1. Kanye West, Yeezus
Bow down before the one you serve. Even in a year absurdly overstuffed with great music, a year when there was no hope of cutting my faves down to a Top 10, Kanye still housed everybody else. Yeezus is his big goth-industrial statement, where he zooms into a space-gladiator fantasy to turn all his rage and paranoia into pure electro-geek aggression. You expect ego from Kanye – I mean, there's ego, then there's "bring White Jesus onstage to give you a hug" ego. Yet behind all the masks, he sounds like a scared guy who probably sits around the mansion playing his Nitzer Ebb 12-inches in the dark, lecturing Kim about why "Lightning Man" is cooler than "Join In The Chant." Until the finale "Bound 2," where all those sweet soul voices torture him by reminding him what it was like to have feelings. What a nightmare. What an album. All in just 10 songs. As his fan Lou Reed would say, Kanye's week beats your year.

2. Parquet Courts, Light Up Gold
This album is so excellent, it basically ruined my life. All year long, I kept just wanting to play this thing over and over, because I am shallow and weak and I like to shout along with cataclysmically pointless hooks like "hatchback hearses" or "surf population too high to tally" or "I was walking through Ridgewood, Queens/I was flipping through magazines." There's the song about a cool girl, the political song, even a song that desecrates the "Billie Jean" drum intro. There's also loads of guitar.

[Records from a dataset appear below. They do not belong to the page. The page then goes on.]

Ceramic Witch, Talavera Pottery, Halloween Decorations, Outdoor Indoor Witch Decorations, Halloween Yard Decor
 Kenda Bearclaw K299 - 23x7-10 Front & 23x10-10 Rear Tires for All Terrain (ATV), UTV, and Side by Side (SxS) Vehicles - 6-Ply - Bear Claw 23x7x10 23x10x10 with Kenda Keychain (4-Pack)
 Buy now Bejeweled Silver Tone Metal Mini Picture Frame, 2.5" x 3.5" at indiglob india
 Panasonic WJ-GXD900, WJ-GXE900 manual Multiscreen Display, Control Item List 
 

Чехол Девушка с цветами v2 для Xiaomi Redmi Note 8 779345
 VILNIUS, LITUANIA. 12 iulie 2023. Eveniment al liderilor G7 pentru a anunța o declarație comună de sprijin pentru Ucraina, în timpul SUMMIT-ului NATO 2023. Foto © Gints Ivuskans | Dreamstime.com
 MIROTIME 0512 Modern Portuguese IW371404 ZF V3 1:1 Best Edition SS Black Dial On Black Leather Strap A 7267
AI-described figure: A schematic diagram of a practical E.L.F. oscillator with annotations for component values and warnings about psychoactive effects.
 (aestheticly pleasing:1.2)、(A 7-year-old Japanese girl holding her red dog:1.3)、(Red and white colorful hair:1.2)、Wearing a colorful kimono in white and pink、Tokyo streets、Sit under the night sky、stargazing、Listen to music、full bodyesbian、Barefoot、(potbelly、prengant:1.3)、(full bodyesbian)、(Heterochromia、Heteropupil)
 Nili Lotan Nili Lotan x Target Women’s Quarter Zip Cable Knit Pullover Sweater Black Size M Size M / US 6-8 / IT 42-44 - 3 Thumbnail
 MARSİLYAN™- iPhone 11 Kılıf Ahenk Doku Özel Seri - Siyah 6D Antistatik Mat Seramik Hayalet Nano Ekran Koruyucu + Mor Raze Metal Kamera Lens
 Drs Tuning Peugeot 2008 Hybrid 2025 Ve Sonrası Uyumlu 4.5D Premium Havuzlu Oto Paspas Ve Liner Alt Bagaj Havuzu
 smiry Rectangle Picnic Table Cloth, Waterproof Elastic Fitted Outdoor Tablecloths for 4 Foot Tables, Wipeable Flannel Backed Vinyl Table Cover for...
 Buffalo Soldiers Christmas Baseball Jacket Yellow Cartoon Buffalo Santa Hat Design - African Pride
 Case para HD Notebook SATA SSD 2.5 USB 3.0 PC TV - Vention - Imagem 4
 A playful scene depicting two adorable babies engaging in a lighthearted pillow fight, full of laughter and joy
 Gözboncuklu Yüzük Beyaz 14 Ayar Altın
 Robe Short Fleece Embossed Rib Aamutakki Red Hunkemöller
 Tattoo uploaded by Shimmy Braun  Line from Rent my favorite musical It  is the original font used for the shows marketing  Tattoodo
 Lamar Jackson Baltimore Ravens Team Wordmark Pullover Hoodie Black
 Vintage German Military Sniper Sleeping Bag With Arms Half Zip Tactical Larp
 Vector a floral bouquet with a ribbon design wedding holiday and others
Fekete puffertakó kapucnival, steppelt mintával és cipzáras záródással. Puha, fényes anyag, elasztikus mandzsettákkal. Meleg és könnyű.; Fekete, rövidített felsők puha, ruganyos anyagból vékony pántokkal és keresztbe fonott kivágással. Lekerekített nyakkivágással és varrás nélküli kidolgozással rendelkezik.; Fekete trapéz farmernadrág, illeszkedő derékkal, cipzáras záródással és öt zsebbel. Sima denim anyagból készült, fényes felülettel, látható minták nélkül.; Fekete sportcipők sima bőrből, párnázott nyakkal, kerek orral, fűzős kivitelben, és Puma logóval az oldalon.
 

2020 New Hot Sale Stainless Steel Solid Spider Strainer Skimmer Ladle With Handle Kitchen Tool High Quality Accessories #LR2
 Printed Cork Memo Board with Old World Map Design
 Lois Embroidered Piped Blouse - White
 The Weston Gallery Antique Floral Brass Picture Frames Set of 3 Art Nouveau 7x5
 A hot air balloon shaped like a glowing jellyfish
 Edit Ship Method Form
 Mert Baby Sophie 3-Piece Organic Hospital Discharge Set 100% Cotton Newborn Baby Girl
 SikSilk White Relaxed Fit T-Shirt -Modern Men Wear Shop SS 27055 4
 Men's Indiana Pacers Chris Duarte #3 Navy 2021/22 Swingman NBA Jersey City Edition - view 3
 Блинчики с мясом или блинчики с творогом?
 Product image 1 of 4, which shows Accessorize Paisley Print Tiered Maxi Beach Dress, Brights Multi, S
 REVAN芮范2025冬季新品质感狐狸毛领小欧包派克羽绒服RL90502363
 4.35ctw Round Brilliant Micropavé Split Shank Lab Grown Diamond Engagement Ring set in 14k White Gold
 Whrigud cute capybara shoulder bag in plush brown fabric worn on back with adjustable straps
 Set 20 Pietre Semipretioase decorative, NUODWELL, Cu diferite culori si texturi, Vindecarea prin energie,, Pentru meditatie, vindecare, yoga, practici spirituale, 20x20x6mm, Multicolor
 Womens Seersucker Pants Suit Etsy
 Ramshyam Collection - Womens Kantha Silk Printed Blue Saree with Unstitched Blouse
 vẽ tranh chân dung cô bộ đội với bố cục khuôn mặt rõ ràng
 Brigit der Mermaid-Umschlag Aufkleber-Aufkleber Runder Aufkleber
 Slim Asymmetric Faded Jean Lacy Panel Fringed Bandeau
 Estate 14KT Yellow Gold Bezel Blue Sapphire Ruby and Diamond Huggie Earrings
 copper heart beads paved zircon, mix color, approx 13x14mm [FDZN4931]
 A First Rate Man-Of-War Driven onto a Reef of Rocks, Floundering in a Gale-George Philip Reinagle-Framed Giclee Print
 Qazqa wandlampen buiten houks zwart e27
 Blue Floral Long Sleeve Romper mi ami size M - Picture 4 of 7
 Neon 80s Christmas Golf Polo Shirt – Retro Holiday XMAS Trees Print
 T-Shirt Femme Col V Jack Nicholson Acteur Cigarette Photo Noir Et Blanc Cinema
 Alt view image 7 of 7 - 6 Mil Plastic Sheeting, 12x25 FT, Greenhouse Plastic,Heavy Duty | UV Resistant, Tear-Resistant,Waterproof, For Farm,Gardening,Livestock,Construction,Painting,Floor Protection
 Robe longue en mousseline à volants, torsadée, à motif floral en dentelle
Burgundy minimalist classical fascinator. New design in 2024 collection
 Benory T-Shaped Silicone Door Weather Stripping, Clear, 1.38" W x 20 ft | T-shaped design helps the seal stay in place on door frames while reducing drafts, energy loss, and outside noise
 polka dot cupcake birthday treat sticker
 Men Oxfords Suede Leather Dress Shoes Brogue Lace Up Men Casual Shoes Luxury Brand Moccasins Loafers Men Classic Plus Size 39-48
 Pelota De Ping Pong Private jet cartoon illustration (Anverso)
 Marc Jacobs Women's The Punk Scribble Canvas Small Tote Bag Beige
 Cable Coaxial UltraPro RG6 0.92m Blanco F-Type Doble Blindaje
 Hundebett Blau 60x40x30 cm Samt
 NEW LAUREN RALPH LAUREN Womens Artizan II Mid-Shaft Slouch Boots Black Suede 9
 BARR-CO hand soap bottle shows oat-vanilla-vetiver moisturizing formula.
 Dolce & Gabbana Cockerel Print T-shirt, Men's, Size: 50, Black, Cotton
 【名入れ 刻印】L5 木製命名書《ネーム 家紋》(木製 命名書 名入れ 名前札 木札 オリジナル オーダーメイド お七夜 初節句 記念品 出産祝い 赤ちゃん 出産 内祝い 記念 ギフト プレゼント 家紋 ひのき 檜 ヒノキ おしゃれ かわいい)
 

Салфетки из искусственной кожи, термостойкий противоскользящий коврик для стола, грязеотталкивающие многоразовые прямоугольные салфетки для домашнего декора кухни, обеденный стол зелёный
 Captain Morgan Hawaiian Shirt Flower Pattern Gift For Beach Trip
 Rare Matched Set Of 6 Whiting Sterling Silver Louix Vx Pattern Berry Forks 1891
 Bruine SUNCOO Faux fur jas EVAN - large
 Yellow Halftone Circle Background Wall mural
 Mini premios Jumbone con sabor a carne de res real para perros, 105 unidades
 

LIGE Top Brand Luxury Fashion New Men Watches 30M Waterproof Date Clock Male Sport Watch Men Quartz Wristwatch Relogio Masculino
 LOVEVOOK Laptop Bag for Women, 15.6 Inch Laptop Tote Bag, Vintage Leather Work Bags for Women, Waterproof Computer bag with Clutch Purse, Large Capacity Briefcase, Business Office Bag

3. My Bloody Valentine, MBV
Back in February, My Bloody Valentine finally showed up with some new songs, and in one version of the story, that's the happy ending. But somehow, almost a year later, the music sounds more mysterious than ever. At the band's fall shows, the new songs were the highlights by a mile, especially the bizarro Motown throb of "New You." That's not how a comeback tour is supposed to work, right? I'm not sure this isn't MBV's best album, which is too weird to even think about.

4. Miley Cyrus, Bangerz
Miley's Bloody Valentine. She scored the pop-sleaze orgy of the year, wrecking balls from coast to coast. Some of these songs mention "molly," which I realize is a drug but one of the nice things about not being 19 is not having to give a fuck what drugs are called. (Free advice, sweetie: When you're staring into your soup and it seems to be sending you secret messages like "TWERK," the party may have gone on a little long.) I love her Future duet where they remake "Stand By Me" and decide to salvage their relationship by making a 3-D sex video (which is 100 percent guaranteed to work). And no matter how many times I hear "Wrecking Ball," I just want to keep her on repeat and hear her crying.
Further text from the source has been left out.